CatVersion: Concatenating Embeddings for Diffusion-Based Text-to-Image Personalization
This addresses the challenge of preserving prior knowledge in diffusion models for users needing personalized image generation, though it is incremental as it builds on existing inversion-based methods.
The authors tackled the problem of concept dilution or overfitting in text-to-image personalization by proposing CatVersion, which concatenates embeddings in the text encoder's feature-dense space to learn the gap between personalized concepts and their base classes, resulting in more faithful concept restoration and robust editing as shown qualitatively and quantitatively.

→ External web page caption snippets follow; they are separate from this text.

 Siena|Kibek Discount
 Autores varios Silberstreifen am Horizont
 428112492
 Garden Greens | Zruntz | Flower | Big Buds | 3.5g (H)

We propose CatVersion, an inversion-based method that learns the personalized concept through a handful of examples. Subsequently, users can utilize text prompts to generate images that embody the personalized concept, thereby achieving text-to-image personalization. In contrast to existing approaches that emphasize word embedding learning or parameter fine-tuning for the diffusion model, which potentially causes concept dilution or overfitting, our method concatenates embeddings on the feature-dense space of the text encoder in the diffusion model to learn the gap between the personalized concept and its base class, aiming to maximize the preservation of prior knowledge in diffusion models while restoring the personalized concepts. To this end, we first dissect the text encoder's integration in the image generation process to identify the feature-dense space of the encoder. Afterward, we concatenate embeddings on the Keys and Values in this space to learn the gap between the personalized concept and its base class. In this way, the concatenated embeddings ultimately manifest as a residual on the original attention output. To more accurately and unbiasedly quantify the results of personalized image generation, we improve the CLIP image alignment score based on masks. Qualitatively and quantitatively, CatVersion helps to restore personalization concepts more faithfully and enables more robust editing.